What to produce
Copy the data below exactly. Any pictures in it should be omitted.

Data shown
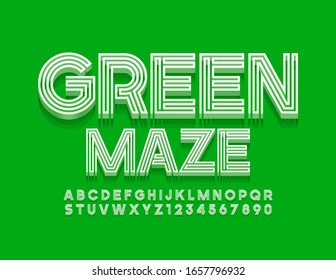 Vector stylish Green Maze Font. Unique 3D Alphabet Letters and Numbers.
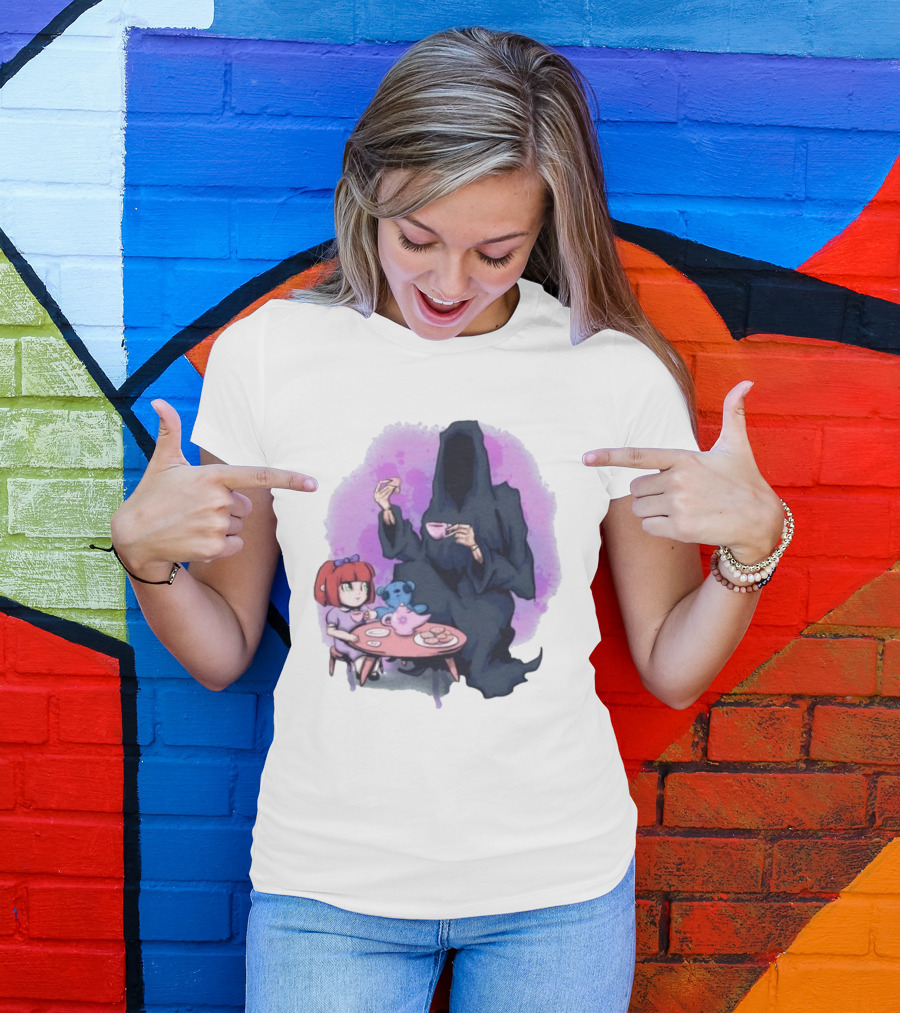 Tea Party With Grim Reaper And Little Girl T-Shirt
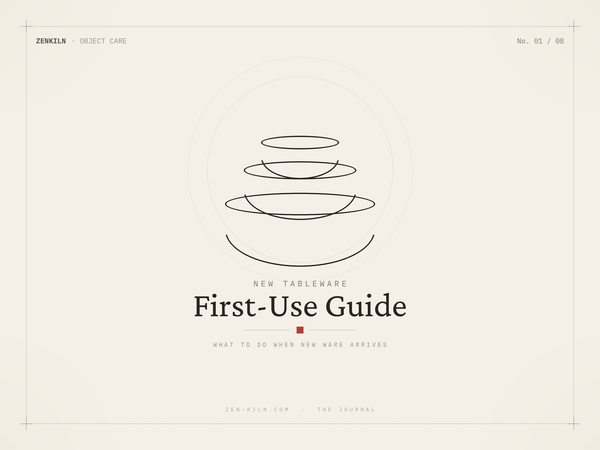 Editorial illustration — first-use guide for new Japanese tableware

Result below
 Vector stylish Green Maze Font. Unique 3D Alphabet Letters and Numbers.
 Tea Party With Grim Reaper And Little Girl T-Shirt
 Editorial illustration — first-use guide for new Japanese tableware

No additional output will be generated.